*REQUIRED WORK*.
Below are lines of data; restate word for word those running from the line containing "Puma Poly Kadın Eşofman Takımı (691905-02)" to the line containing "454 Pa Proffitt Road Gatlinburg TN 37738", inclusive, and no others.

*INFORMATION GIVEN*.
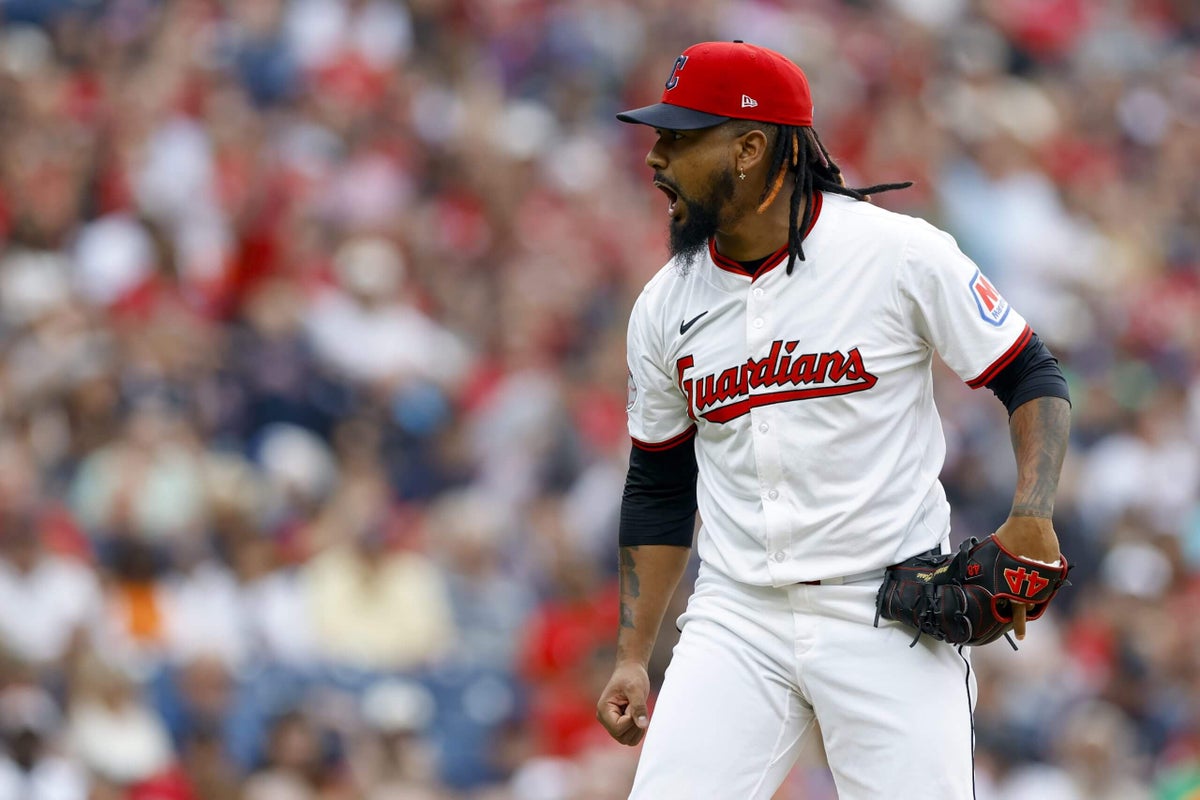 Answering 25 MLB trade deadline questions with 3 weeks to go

==

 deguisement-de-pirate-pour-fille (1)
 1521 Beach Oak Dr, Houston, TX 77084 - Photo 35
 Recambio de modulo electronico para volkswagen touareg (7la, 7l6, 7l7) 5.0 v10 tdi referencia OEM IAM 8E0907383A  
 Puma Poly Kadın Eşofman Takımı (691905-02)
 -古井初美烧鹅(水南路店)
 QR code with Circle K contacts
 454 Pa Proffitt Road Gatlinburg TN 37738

*TASK OUTPUT*.
 Puma Poly Kadın Eşofman Takımı (691905-02)
 -古井初美烧鹅(水南路店)
 QR code with Circle K contacts
 454 Pa Proffitt Road Gatlinburg TN 37738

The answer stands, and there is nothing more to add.